結果、時間外の急変や対応に関しては、クリニックの職員さんに連絡する必要はなく、院長に直接、連絡が入ります。クリニックの職員さんは、クリニックの業務に専念できますし、呼び出しもありません。
⚪︎訪問看護ステーションの看護師さんは、急変、看取り診療に熟練している。
・癌の終末期、老衰、呼吸不全などの看取りの際、1人で看取りを行うことはリスクがあります。
患者さんのご家族による手のひら返し。「あのような最期を迎えさせたくなかった。」、「医療が不充分で亡くなった。」などとトラブルに発展する可能性もゼロではありません。
訪問看護ステーションという訪問看護のプロに医療参加してもらい、トラブルを避ける目的があります。
⚪︎クリニックの業務と在宅訪問医療を並行して行うと、業務が多くなり、ミスを起こす可能性があります。
訪問看護ステーションがあるからこそ、当院の職員さんは、クリニック業務に専念でき、良好な職場構築を追求できています。
⚪︎単純にクリニックの退職理由が減ります。
以前、「人間関係が良好であること」と「ブラックな職場でないこと」が、職場に求める要素の65%を占める、というデータを記載しました。
「緊急の呼び出しが無い」、「オンコールの電話を持たなくて済む」、「緊急往診の同行が無い」、「看取りに付き合わないで良い」など、ブラックと呼ばれる要素が減るので、退職理由が減ります。
ここで、「看護師さんとして、やりがいが無いのではないか?」と思われる方も居られるかもしれません。
⚫︎「仕事のやりがい」は、働く本人が求めるものであり、他人が決めるものではありません。

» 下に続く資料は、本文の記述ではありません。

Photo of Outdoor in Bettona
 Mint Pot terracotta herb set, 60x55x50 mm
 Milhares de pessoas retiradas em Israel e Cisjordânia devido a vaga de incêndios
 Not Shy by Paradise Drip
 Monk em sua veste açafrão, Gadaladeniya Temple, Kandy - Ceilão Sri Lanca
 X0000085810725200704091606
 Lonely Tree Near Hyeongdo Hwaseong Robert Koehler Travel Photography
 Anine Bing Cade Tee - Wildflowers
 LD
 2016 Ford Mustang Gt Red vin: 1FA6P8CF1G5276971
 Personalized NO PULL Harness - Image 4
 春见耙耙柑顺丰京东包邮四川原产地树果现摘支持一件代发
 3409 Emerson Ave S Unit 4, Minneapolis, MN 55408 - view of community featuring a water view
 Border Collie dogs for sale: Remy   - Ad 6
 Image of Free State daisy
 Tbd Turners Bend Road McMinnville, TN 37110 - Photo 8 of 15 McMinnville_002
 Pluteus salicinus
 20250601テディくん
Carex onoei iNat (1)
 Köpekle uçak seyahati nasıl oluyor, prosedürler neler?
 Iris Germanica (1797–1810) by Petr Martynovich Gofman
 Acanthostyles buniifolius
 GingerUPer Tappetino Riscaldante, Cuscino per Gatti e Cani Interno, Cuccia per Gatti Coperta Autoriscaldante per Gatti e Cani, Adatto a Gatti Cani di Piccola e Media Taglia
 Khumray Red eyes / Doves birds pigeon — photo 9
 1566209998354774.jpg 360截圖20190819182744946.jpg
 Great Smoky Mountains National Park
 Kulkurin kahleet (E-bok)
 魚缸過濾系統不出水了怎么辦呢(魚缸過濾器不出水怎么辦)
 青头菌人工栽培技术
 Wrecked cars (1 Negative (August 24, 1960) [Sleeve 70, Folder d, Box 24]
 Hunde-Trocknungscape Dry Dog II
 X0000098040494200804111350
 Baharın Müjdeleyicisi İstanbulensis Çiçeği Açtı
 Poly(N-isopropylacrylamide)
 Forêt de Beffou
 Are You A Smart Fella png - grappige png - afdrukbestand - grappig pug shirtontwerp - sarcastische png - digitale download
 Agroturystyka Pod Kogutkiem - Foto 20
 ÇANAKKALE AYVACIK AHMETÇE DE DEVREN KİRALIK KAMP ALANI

⚫︎「仕事のやりがい」が無いと感じた場合には、退職されるでしょうし、入職を希望されないはず。
⚫︎職場は、働いてお金を稼ぐ場所なので、「仕事のやりがい」について、経営者は口を出さない。
⚫︎やりがい詐欺にならないようにしつつ、職場としての満足度を高めると、勝手に「仕事のやりがい」を感じるもの。
⚫︎人的、時間的、経済的に余裕があって、「仕事のやりがい」を感じ始める時代であることを理解する。
訪問看護ステーションの職員さんのお陰で、良質な医療が提供でき、クリニックの職員さんの雰囲気も良くなって退職者も減りました。一石三鳥以上の効果です。
訪問看護ステーションに見返りを要求する医者が居る。
当然、世の中には、黒字でなければ困る訪問看護ステーションの方が断然に多いはずです。
訪問看護ステーションを立ち上げた事業所長さんや看護師さんが、在宅訪問診療の患者さんを紹介してほしい、とご挨拶に来られます。
当院は、医師会の訪問看護ステーションを利用していますが、今後、患者さんの数が増えた場合や、看護の状況によってお願いするかもしれません、とご挨拶を返します。
しかし、世の中、とんでもない医者が居ます。訪問看護ステーションの職員さんが挨拶に来られたのを良いことに、
⚫︎紹介する代わり、物を要求する医者が居る。
⚫︎お中元、お歳暮を要求し、ビールの種類まで指定する医者が居る。
⚫︎気に食わないことがあると、訪問看護を他の場所に変えると恫喝する。
流石に金銭の要求は無いようですが、お中元、お歳暮を要求したり、金券を要求しているのは、同じようなことです。
こういう不埒な輩は、医師として風上にも置けないので、
1)訪問看護ステーションに患者さんを紹介する代わり、金品を要求する行為を続ける場合には、医師会から除名する。
2)訪問看護ステーションの職員さんを罵倒したり、叱責する行為は、ハラスメントであるので、医師会として事実確認を行い、相応の対応を行う。(健診業務から外す。医師会からの除名。法的処置など。)
せっかく頑張っているのですから、良い医療を提供し、診療報酬を伸ばし、幸福になってほしいです。(赤字で構わないとか言ってるので申し訳ありませんけど。)
訪問看護に関わっている方は、嫌な医者が居たら、無理な要求を呑まず、良識的な医者を探してください。必ず、地域に数名、存在するはずです。(数名ではなく、もっと居られるはずです。)